Вслед за ним я спустилась вниз, прошла через холл, мимо гостиной к двери в конце коридора. Открыв эту дверь, Джосс сунул туда голову и огляделся.
— Доброе утро, — сказал он.
— Кто там? Джосс? Входи же. — Голос был выше, чем я предполагала, голос человека куда более молодого.
— Я привел вам кое-кого…
Он широко распахнул дверь и, мягко подтолкнув меня в спину, выдвинул вперед, в комнату. Комната была маленькой, с французскими окнами во всю стену, ведущими на плиточную террасу и в потайной сад, согретый солнечными лучами и укрытый со всех сторон живыми изгородями и густой зеленью эскалонии.
Я заметила мерцающий за каминной решеткой огонь, обшитые деревом стены, увешанные книжными полками и картинами, и стоявшую на каминной полке модель крейсера былых времен. Еще там имелись фотографии в серебряных рамках, стол, заваленный газетами и журналами, и сине-белая китайская ваза с нарциссами.
При моем появлении Гренвил с помощью палки начал подниматься из красного кожаного кресла, стоявшего наискосок от зажженного камина. Я изумилась, что Джосс никак не пытался помочь ему, и тут же запротестовала: «О, пожалуста, не надо… не трудитесь», но он уже встал, распрямился, и взгляд синих его глаз спокойно обратился ко мне — он разглядывал меня из-под нависших и кустистых седых бровей.

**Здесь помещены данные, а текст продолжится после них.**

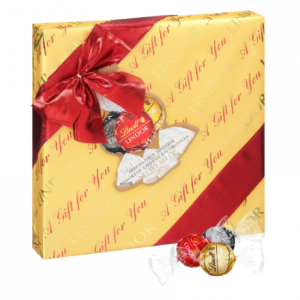 Lindt LINDOR Holiday Assorted Chocolate Candy Truffles Wrapped Gift Box (10.1 oz)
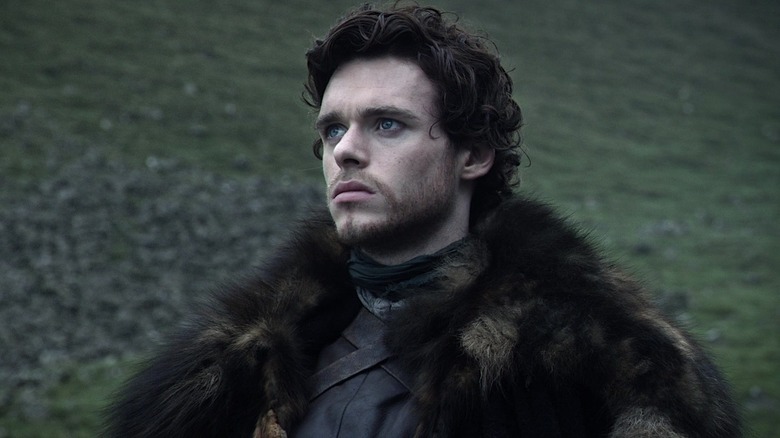 Robb Stark, Game of Thrones'ta kahverengi bir kürk mantoyla yeşil bir tepede uzaklara bakıyor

Я поняла, что была готова увидеть его в жалком виде — старым, немощным, может быть, даже с трясущейся головой. Но Гренвил Бейлис и в восемьдесят внушал почтительный страх: очень высокий, совершенно прямой, выутюженный и выбритый, накрахмаленный, слегка попахивающий туалетной водой с лавандовой отдушкой, он выглядел так, что это делало честь его лакею Петтиферу. Одет он был в темно-синий блейзер наподобие морского кителя и серые фланелевые брюки с безукоризненной складкой, на ногах его были бархатные домашние туфли с вышитыми золотом инициалами. К тому же он прекрасно загорел, и лысый череп, проглядывающий из-под редких седых прядей, был коричневым, как кожура каштана, и я представила себе, как он нежится на солнце в потайном саду, читая утреннюю газету, со вкусом покуривая трубку, следя за полетом чаек и бегом высоких белых облаков на небе.